To assess the potential influence of ancestry on the relationship between APOE transcripts and AD alleles, we also conducted an analysis of RNA-seq data from the LIBD African ancestry brain DLPFC collections, and this association persists (Fig. 2D, Supplementary Fig. S8A), suggesting a significant link between APOE jxn1.2.2 transcripts and AD alleles in samples from two different ancestries. Because we analyzed each European or African population separately to avoid heterogeneity among ancestries, the above analysis was based on global ancestry analysis using Principal Component Analysis (PCA) by integrating genotype data of ROSMAP and LIBD separately with HapMap3 populations (see Methods). Our global ancestry analysis clearly indicated the homogeneous nature of our populations: ROSMAP European, LIBD European and African populations (Supplementary Fig. S9). To further investigate if the results were influenced by population admixture, we performed local ancestry analysis at the APOE locus. As expected, the local ancestry results are consistent with our global ancestry analysis (Fig. 2E, Supplementary Figs. S7C & S8C).

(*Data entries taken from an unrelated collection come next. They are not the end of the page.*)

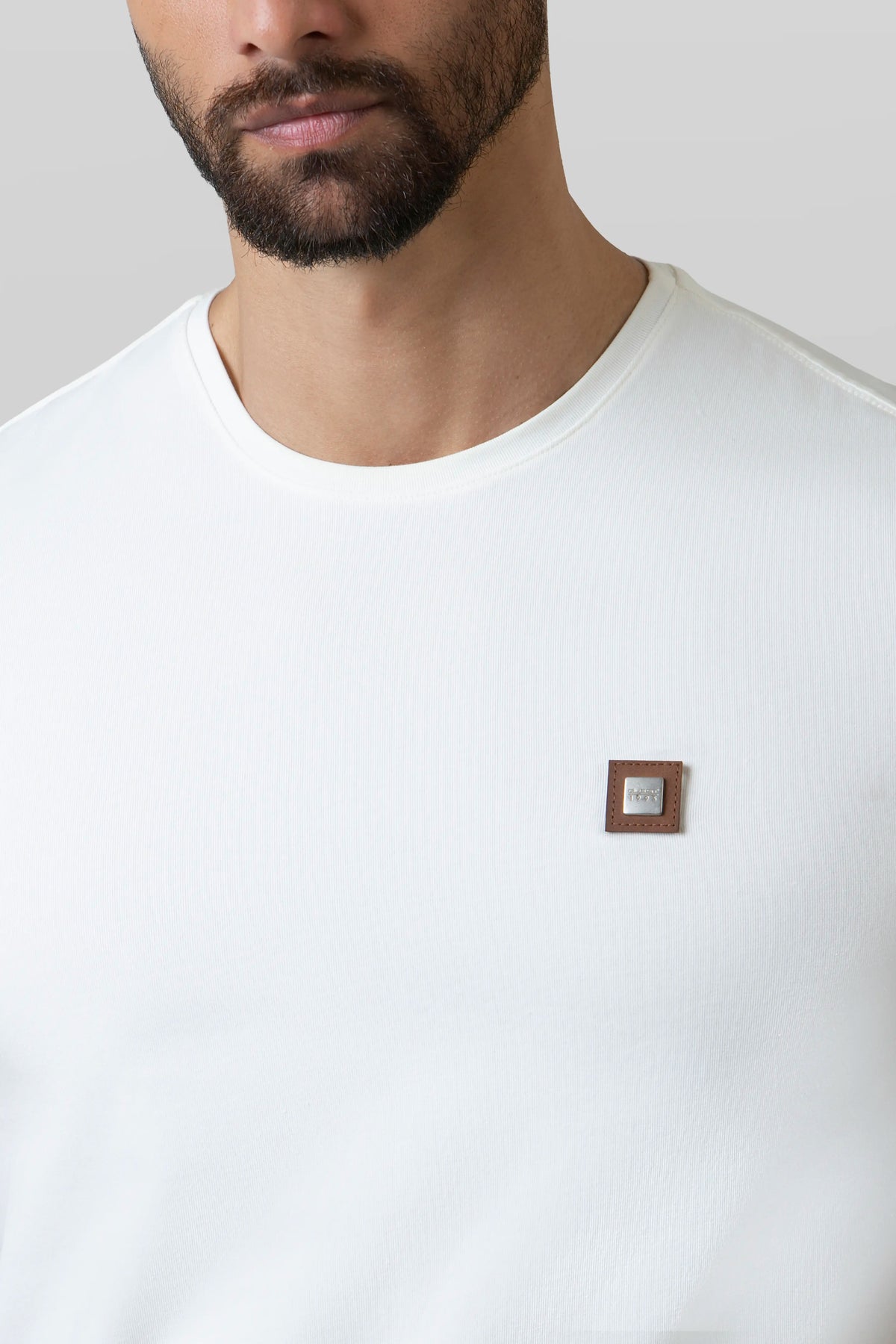 CAMISETA PREMIUM MANGA CORTA COLOR IVORY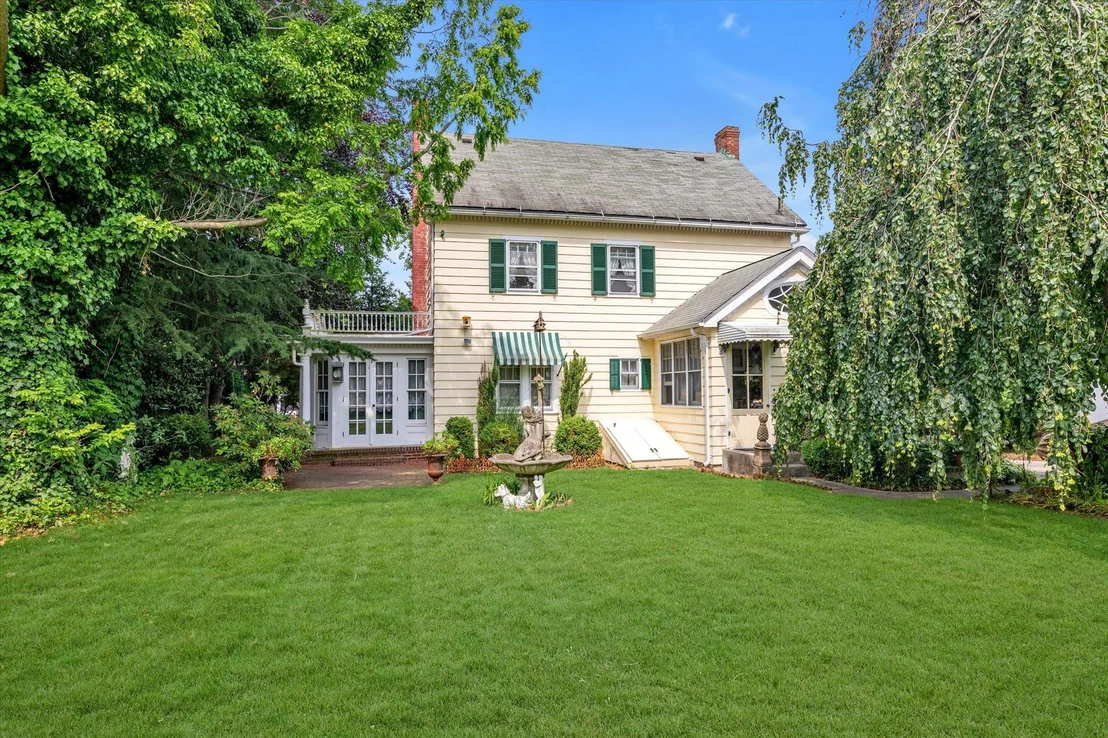Photo of 2485 Park Avenue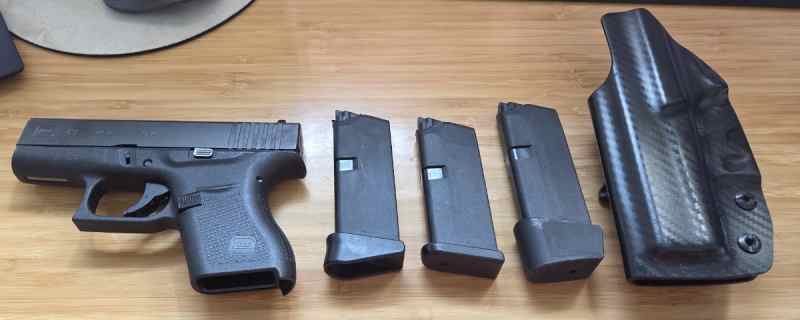 Glock 43 - 3 mags Carbon Fiber Holster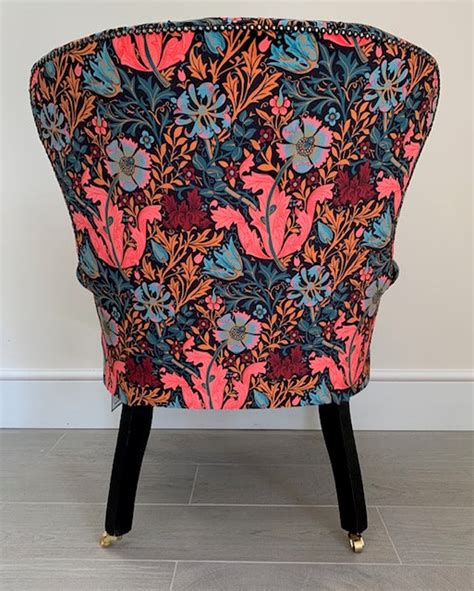 Una Silla De Sillón De Estampado Floral De Hojas De Estilo Art Etsy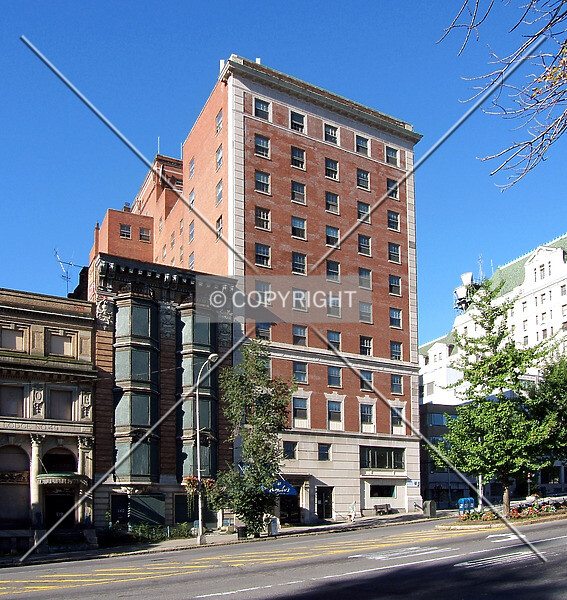 Photo 156-547-698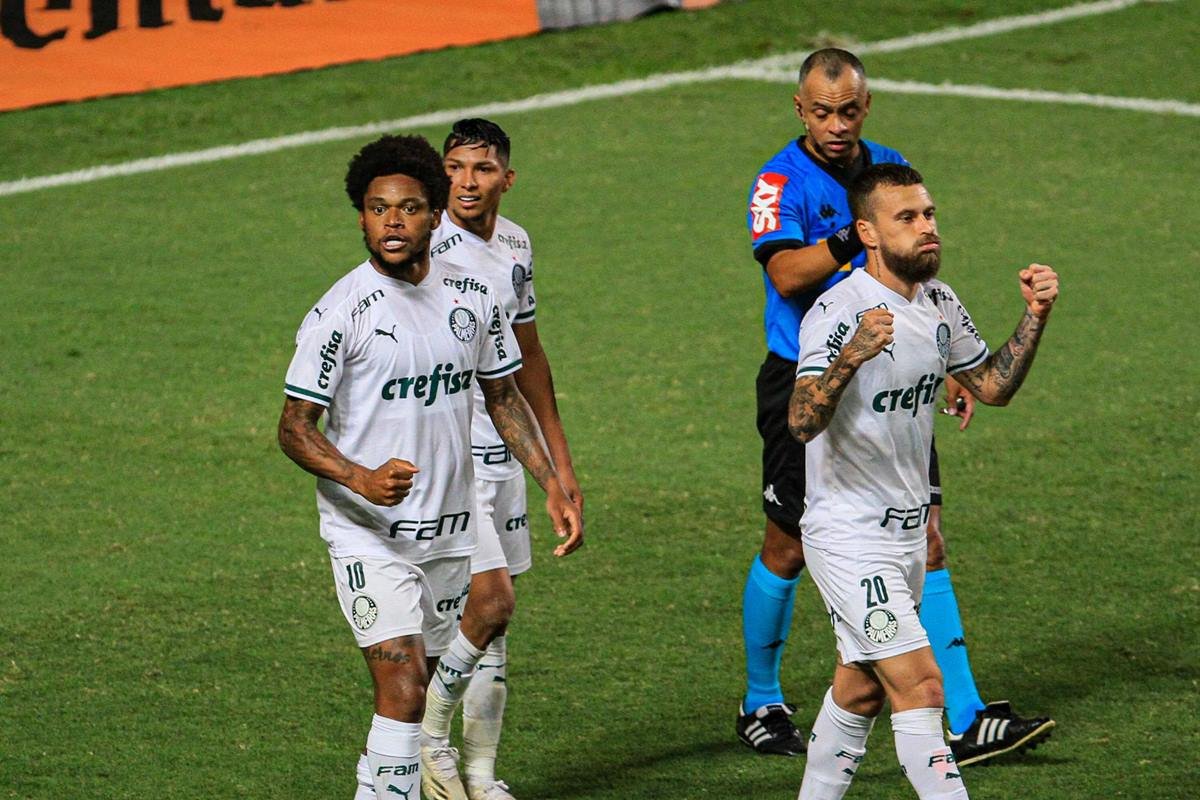 Palmeiras recebe o América-MG no jogo de entrega da taça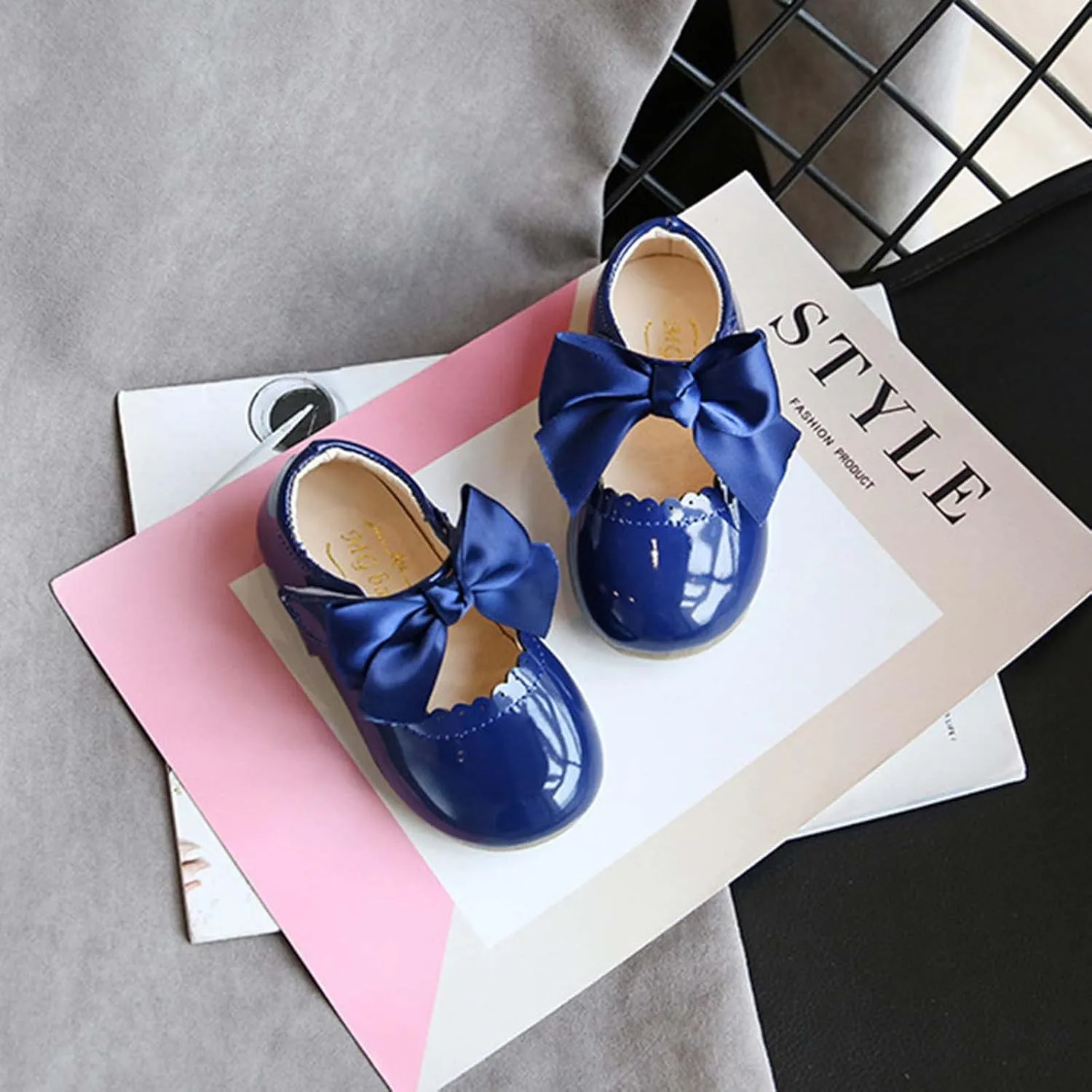 Baby Girl Solid Faux Pu Shoe Wave Trim Trendy Princess Sandals Knot Leather Bow Embellished Flats Hook and Loop Shoes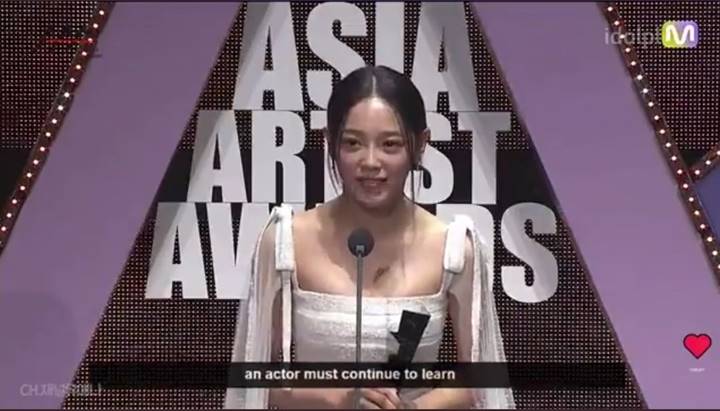 AAA 2022: Kim Sejeong Diduga Kode Ahn Hyo Seop Saat Pidato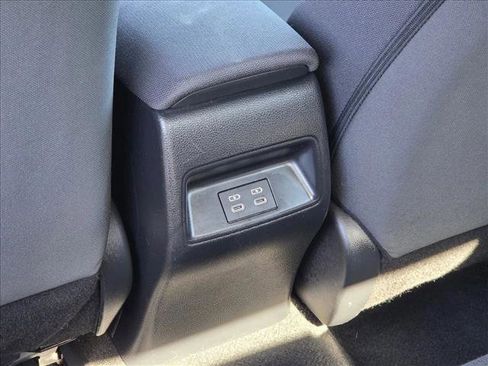 Used 2024 Toyota Corolla LE image 16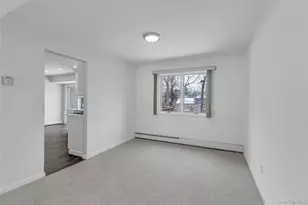 68 Beaumont Dr, Plainview, NY 11803 - Photo 6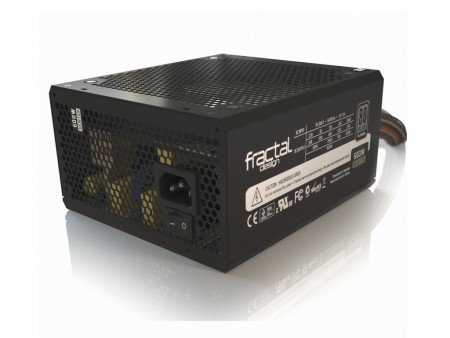 セミファンレス動作のPLATINUM認証電源、Fractal Design「Newton R3」シリーズ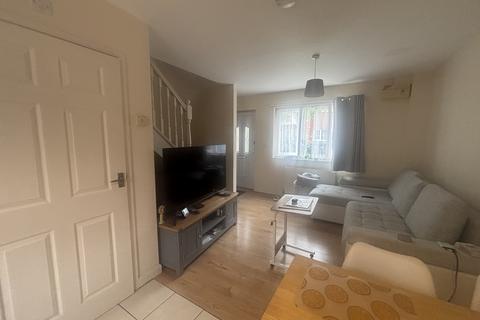 2 bedroom terraced house to rent, Findlay Way, Milton Keynes MK2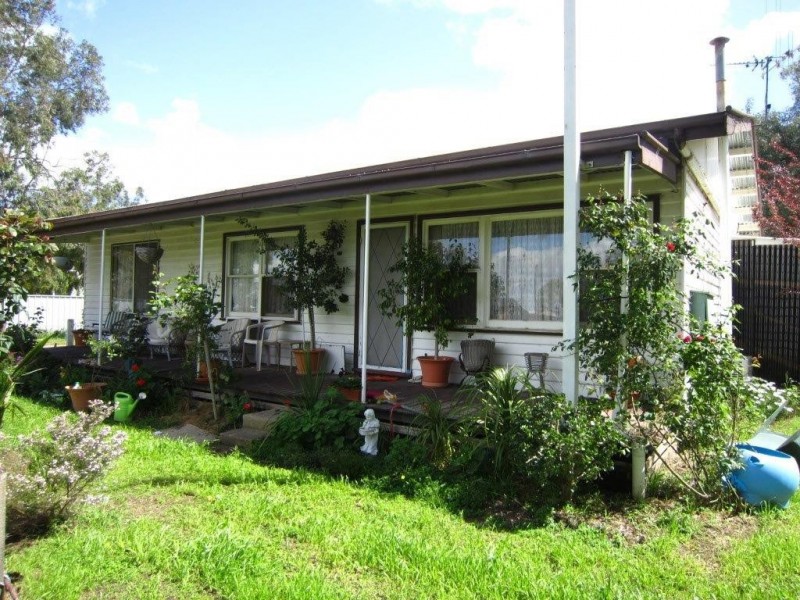 49 Peppercorn Way, Serpentine VIC 3517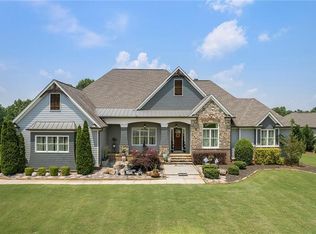 6438 Winter Harbor Dr, Flowery Branch, GA 30542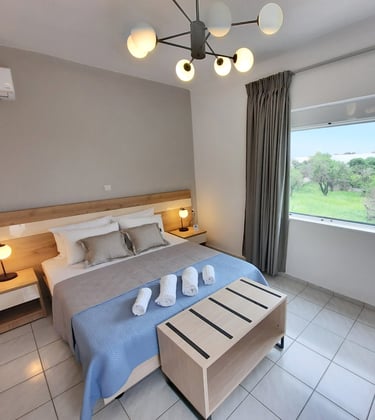 stelios studios bed room in sougia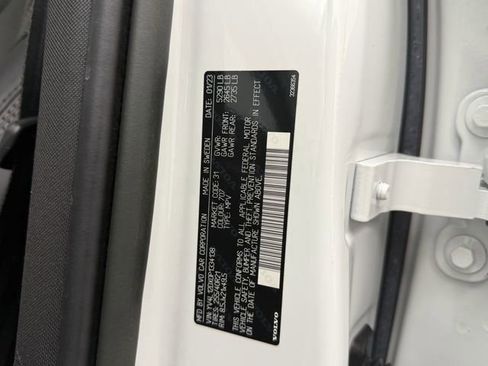 Certified 2023 Volvo XC60 B5 Ultimate w/ Climate Package image 24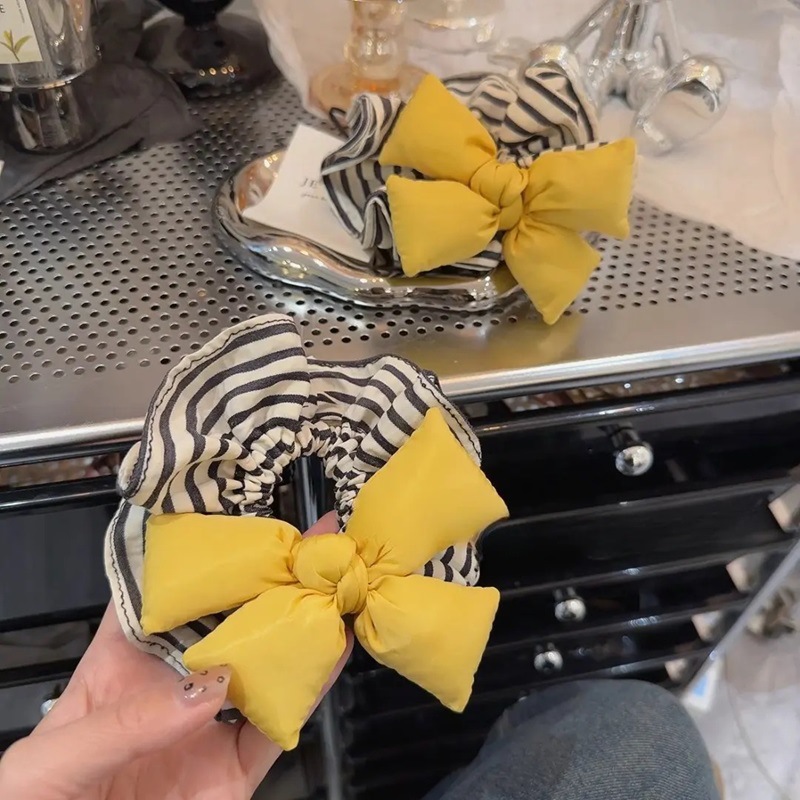 Dongdaemun's new lemon-yellow bow large intestine hair tie is a versatile striped and cute girlish hair tie accessory details Picture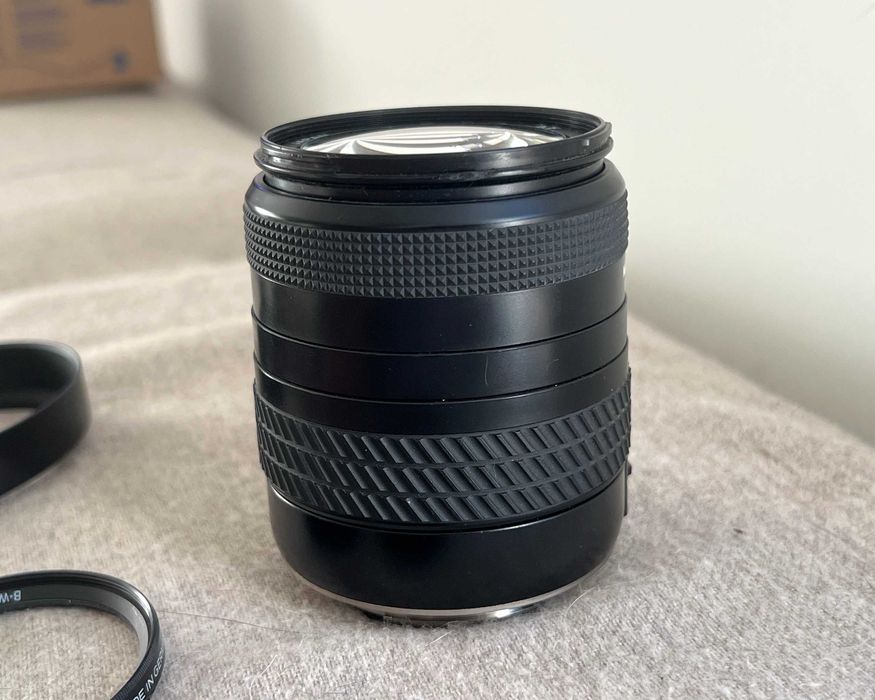 Tokina AF 28-80mm f/3.5-5.6 obiectiv zoom compatibil Canon AF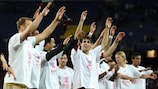 Javi Martínez (au centre) fête la victoire du Bayern au Camp Nou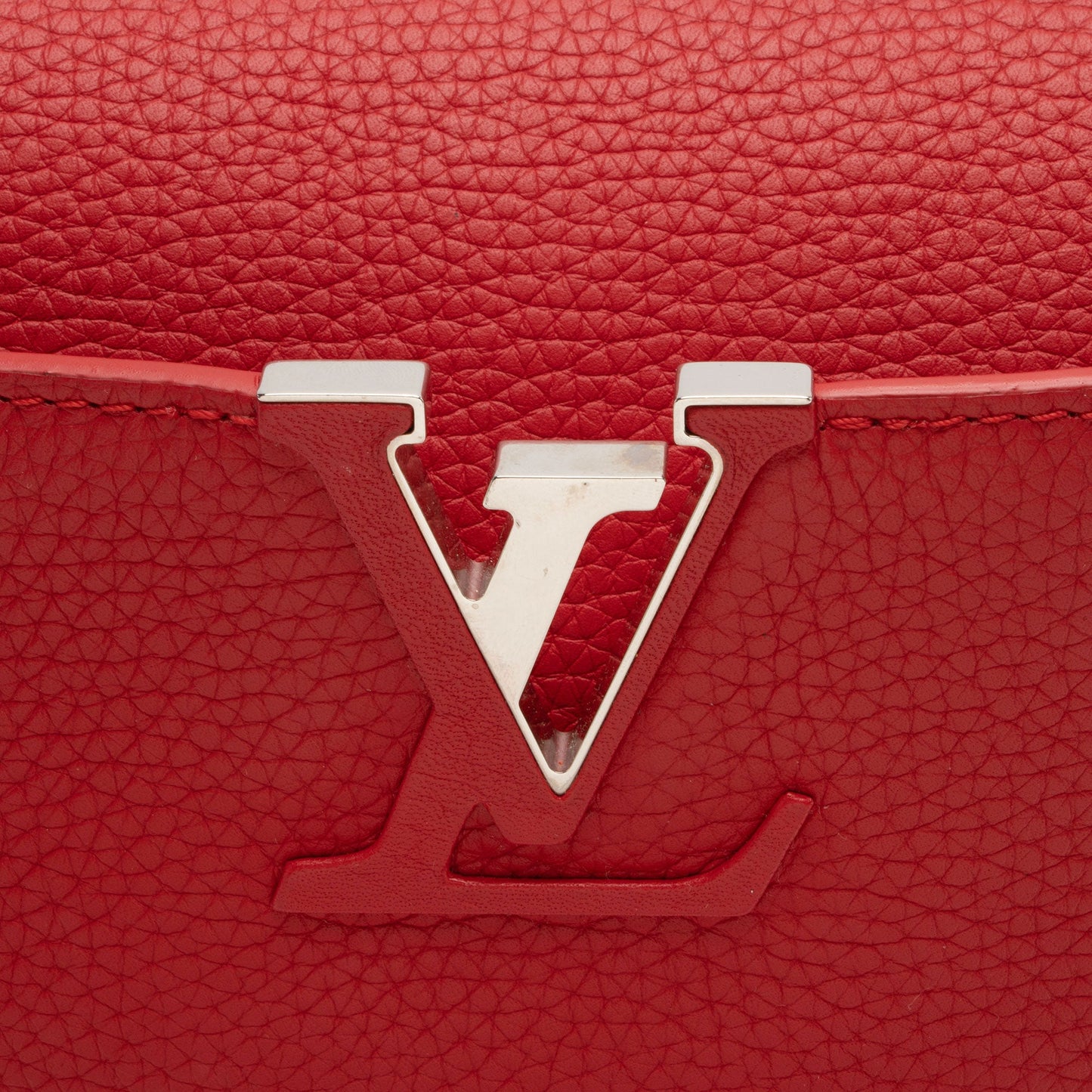 Louis Vuitton Taurillon Capucines PM Bag (SHF-lLOSG5)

The gene structure of APOE consists of four exons, with the two SNPs (rs429358 and rs7412 located in exon 4) determining the three common protein isoforms of the APOE gene (Fig. 1B). To determine if the association of AD alleles with jxn1.2.2 transcript is independent of the APOE2,3,4 alleles, we performed the conditional analysis by adding two variables, APOE4 (4 carriers and non-4 carriers) and APOE2 (2 carriers and non-2 carriers), in our regression Model-2 (Supplementary Table S2), and found the significant associations were not influenced compared to original model without APOE4 and APOE2 in 3 independent datasets: ROSMAP, LIBD European and African populations (Supplementary Figs. S6B & S7B & S8B & S10, Table S6 & S7). Our finding, the association between AD alleles and the jxn1.2.2 transcript is independent of APOE2,3,4 alleles, was replicated in local ancestry analysis (Supplementary Figs. S7D & S8D). To further define the independent effects of our candidate AD alleles on APOE jxn1.2.2 expression from APOE4 and APOE2, we performed epistasis (statistical interaction analysis), and we did not observe significant interactions between our candidate AD alleles and the APOE4/2 risk allele (Supplementary Fig. S6C & S6D), indicating the association between jxn1.2.2 expression and our candidate AD-risk alleles is not influenced by APOE4/2. The independent expression of jxn1.2.2 transcript was further supported by the lack of association between APOE2,3,4 determining SNPs (rs429358 and rs7412) and jxn1.2.2 expression (Supplementary Table S8).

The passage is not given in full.